Première question : une simple villégiature ? Ou pour y mener une vie de famille sans histoire ? Il est vrai qu’il s’est retrouvé là avec son épouse Nadejda Kroupskaïa, ainsi que sa mère. Assez rapidement, je découvre que la sérénité de ce lieu aura été pour lui, dans un premier temps, le cadre propice d’une réflexion ciblée. Afin d’y planifier ses activités politiques futures. Tout en restant en contact avec d’autres révolutionnaires. Car il existe des documents qui non seulement mentionnent son séjour à Chens, mais qui renferment précisément des correspondances avec d’autres révolutionnaires. Ces documents sont conservés dans des archives historiques consultables par les chercheurs. Certaines de ces notes et lettres ont été publiées dans des recueils de ses œuvres complètes.

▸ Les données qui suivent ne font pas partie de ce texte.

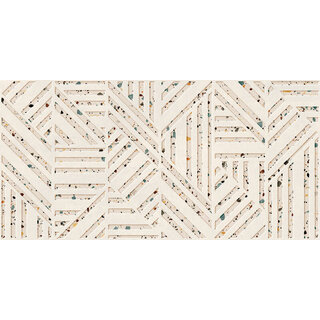 Prissmacer Cerámica Gobi Nude relieve wandtegel 60x120 rett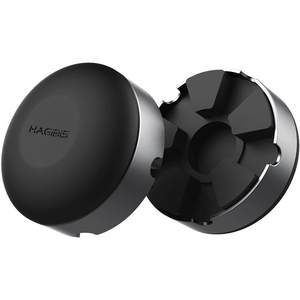 
Haibeisi laptop invisible bracket computer portable cooling pad base silicone rack accessories high ball artifact foot pad mini height bracket invisible keyboard suspended pro tilt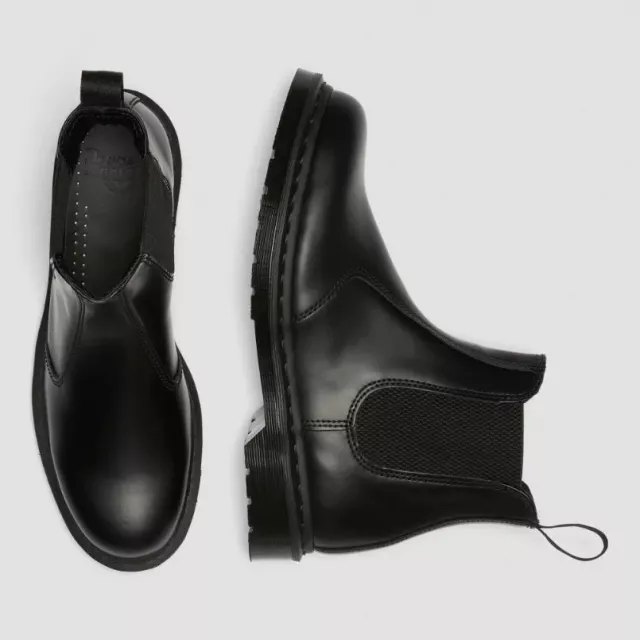 Dr. Martens Women’s Black Leather Boots - Image 6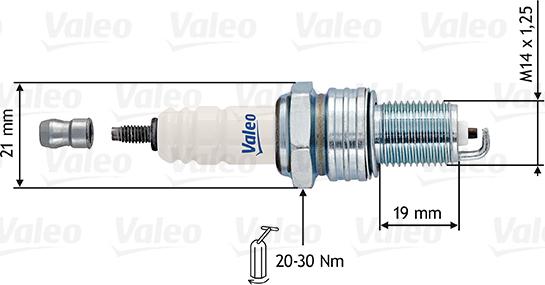 Valeo 246894 - Bujii aaoparts.ro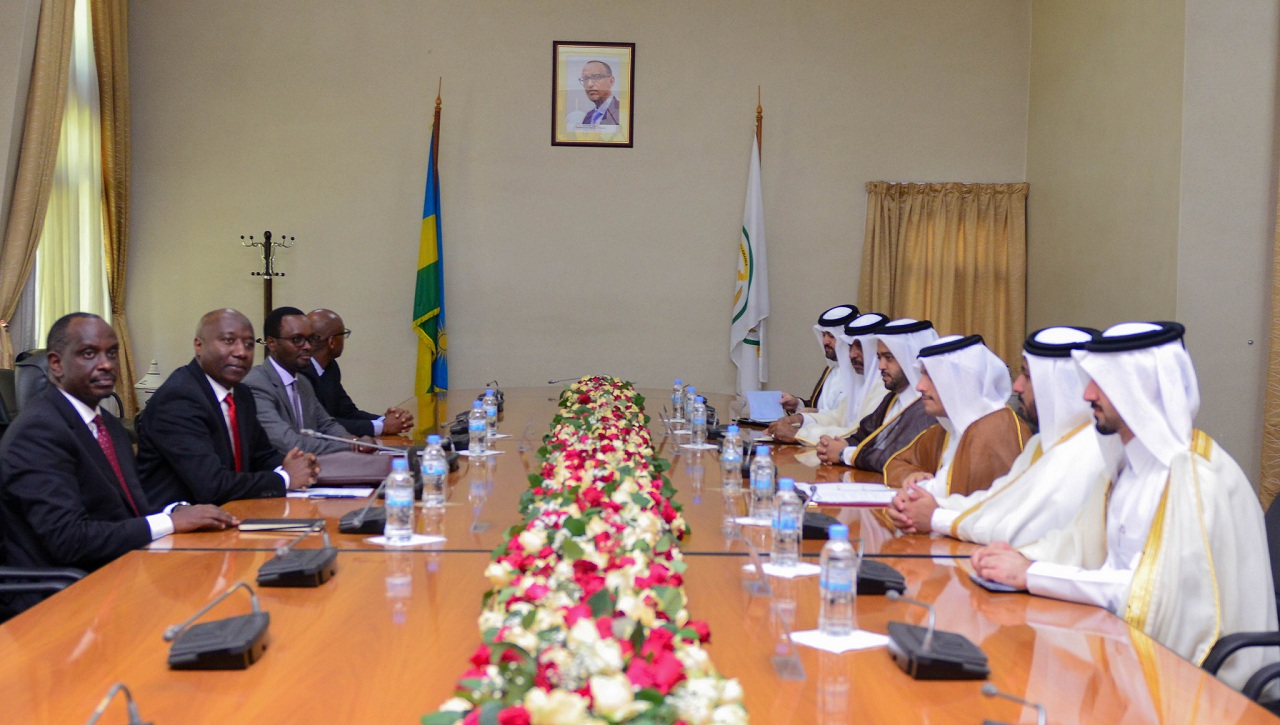 Rwanda, Qatar Seek to Boost Business Ties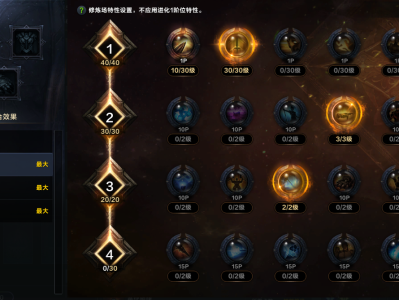 命运方舟奥义精通斗魂方舟加点攻略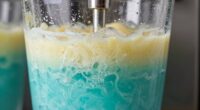 layer separation during freezing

Pendant son exil à Chens-sur-Léman, sa vie quotidienne était assez simple. Voici quelques aspects de sa routine :
Il passait une grande partie de ses journées à lire, écrire, et correspondre avec d’autre comploteurs. Sa femme l’aidait souvent dans ses travaux, notamment en mettant au net ses manuscrits et en gérant leur correspondance.
Période cruciale pour Lénine
Lénine aimait à se promener dans la campagne environnante. Ce qui lui permettait de réfléchir et de se ressourcer. Bien qu’il vivait alors dans un endroit splendidement isolé, il recevait parfois la visite d’autres révolutionnaires et intellectuels, avec qui il discutait de la situation politique en Russie, et des stratégies à adopter. Comme tout le monde, il devait s’occuper des tâches ménagères et des besoins quotidiens (bien que ces aspects de sa vie soient peu documentés).
Cette période a été cruciale pour Lénine, car elle lui a permis de mûrir ses idées et de préparer le terrain pour la révolution bolchevique.
Il est mentionné que la maison où il a vécu à Chens-sur-Léman « était une résidence modeste et tranquille, typique de la région. Qu’elle était entourée de la beauté naturelle de la campagne savoyarde, en prise directe avec le lac Léman ».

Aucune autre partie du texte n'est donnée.